Ayers v. Board of Adjustment for the Town of Robersonville, 113 N.C. App. 528, disc. rev. denied, 336 N.C. 71 (1994)
Interpretation of forestry to exclude timber activities that are industrial in nature from a residential-agricultural area effectuates intent of ordinance.
Petitioner, who operates a timber weighing and grading business in the RA-20 residential-agricultural district in the town's extraterritorial jurisdiction, challenged the board of adjustment's determination that his use of the land does not fall within the definition of forestry and is therefore not a permitted use in the district. Petitioner's business consists of receiving truckloads of cut timber, which are unloaded, weighed and graded, then reloaded onto trucks for shipment to other locations. The town's zoning ordinance does not define the term forestry, but the board of adjustment interpreted it to mean the development, management and harvesting of growing timber.

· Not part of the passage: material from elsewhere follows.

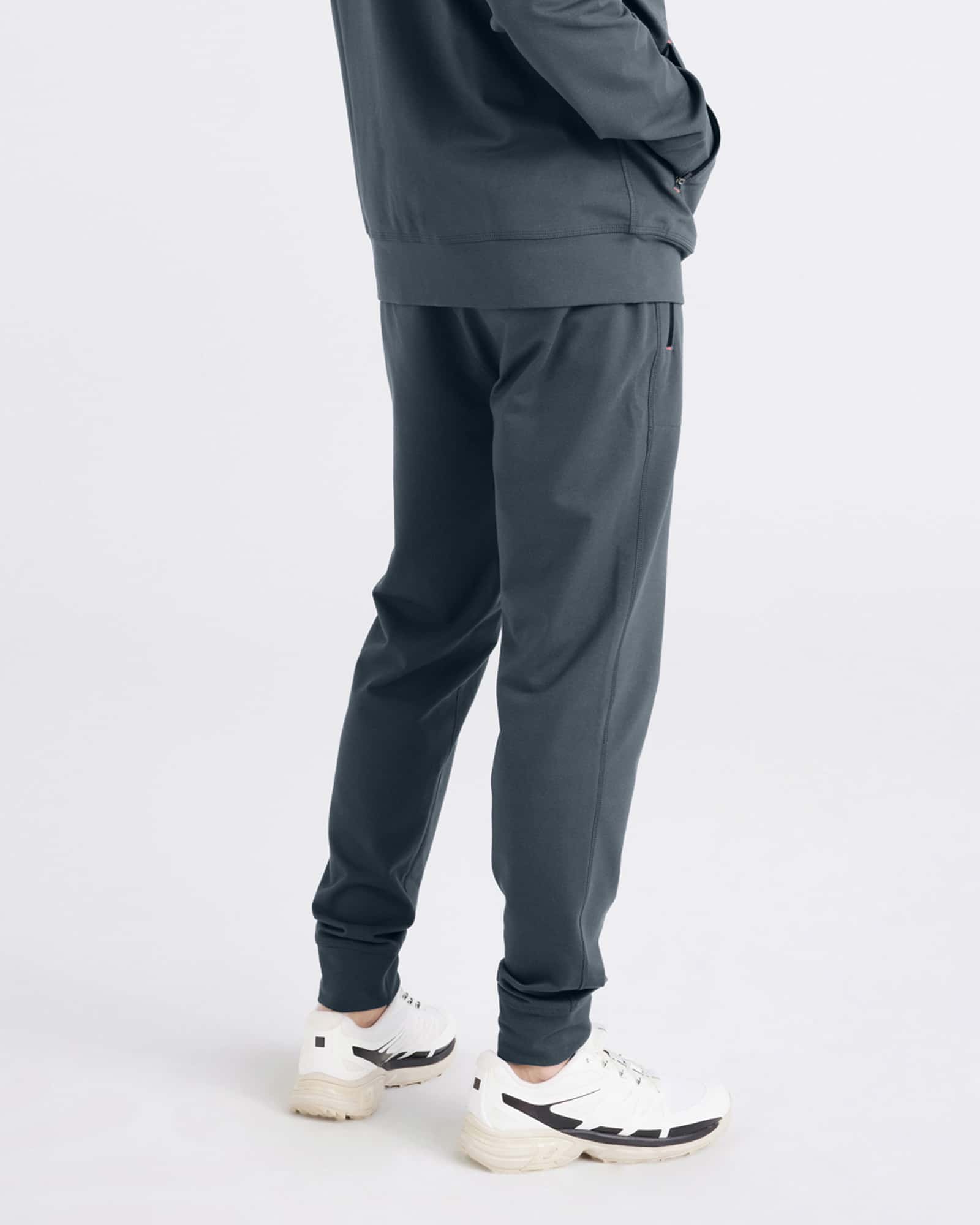 Back - Model wearing Trailzer Jogger in Turbulence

On certiorari review, the superior court adopted a more expansive definition of forestry that included the harvesting and transportation of timber to the first point of processing; that is, the point at which the wood is actually converted to some type of useable product, and concluded that petitioner's business did constitute a permitted use in the RA-20 zone.

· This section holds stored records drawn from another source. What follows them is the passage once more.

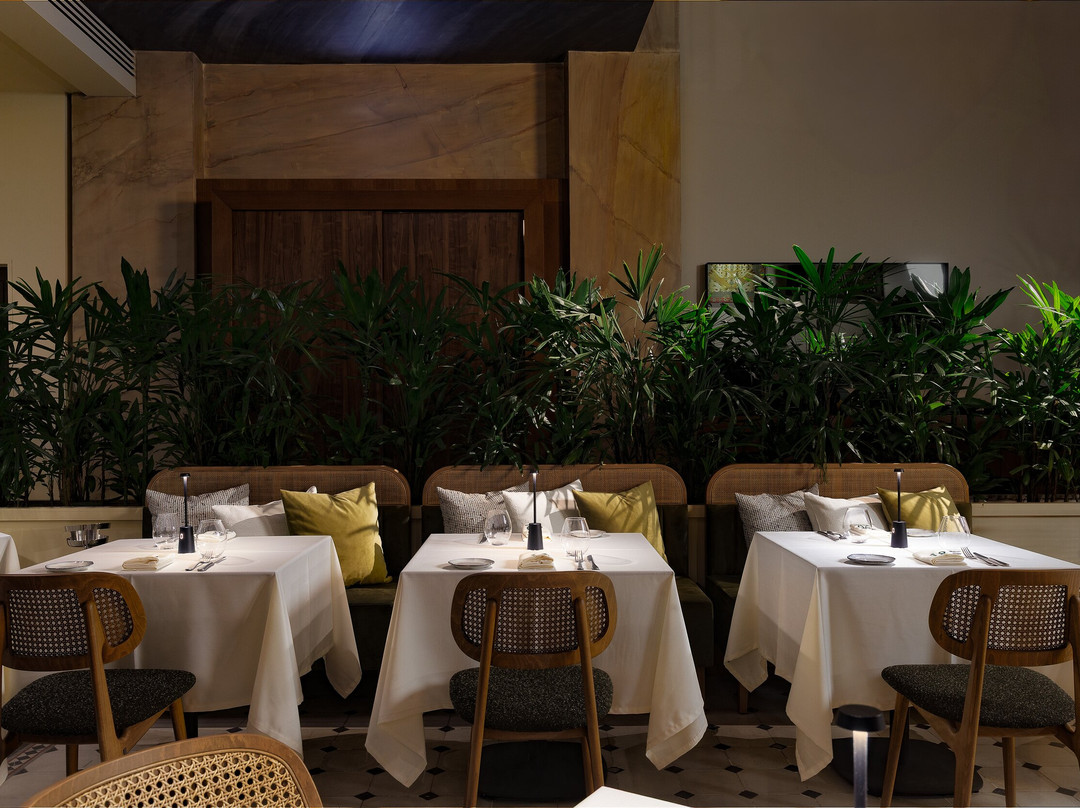 1890 Restaurant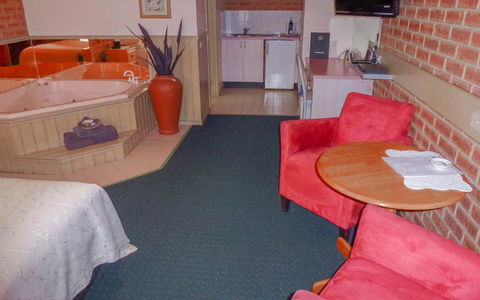 BEST WESTERN Colonial Motor Inn - Tourism Gold Coast 13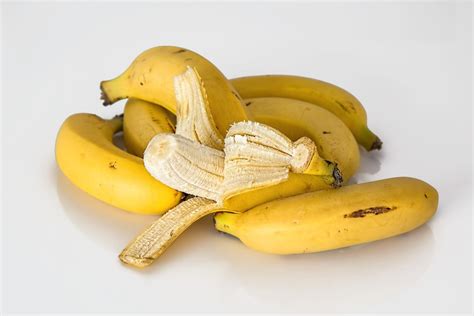 bananas do not make you fat enjoy the goodness healthspresso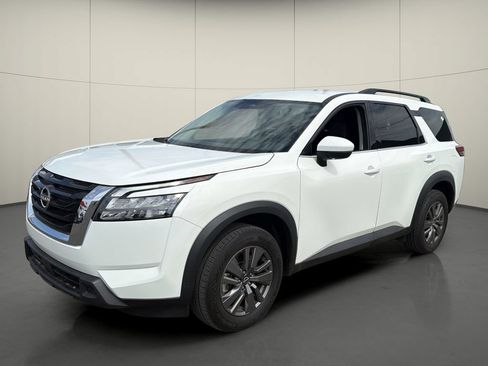 Used 2024 Nissan Pathfinder SV FWD image 3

Applying a de novo standard of review, however, a unanimous panel of the Court of Appeals reversed the superior court and reinstated the decision of the board of adjustment. In attempting to ascertain the intent of the ordinance, the Court gave weight to ordinance language indicating that the purpose of the RA-20 provisions is to establish a district in which the principal use of the land is for low density residential and agricultural use, and to the fact that the RA-20 permitted uses are uniformly non-industrial. The Court concluded that the ordinance manifests an intent that the district be free from non-agricultural commercial operations, and that the board of adjustment's limitation of forestry to the development, management and harvesting of timber is consistent with this intent. The superior court's expansive definition, on the other hand, would permit ancillary timber activities of an industrial nature that are incompatible with residential and agricultural purposes, such as large rail and truck depots and industrial operations performing intermediate but not final processing of timber. The Court bolstered its conclusion by reference to dictionary definitions of forestry, finding the town's approach to more closely resemble the plain and ordinary meanings of the term embodied in these definitions.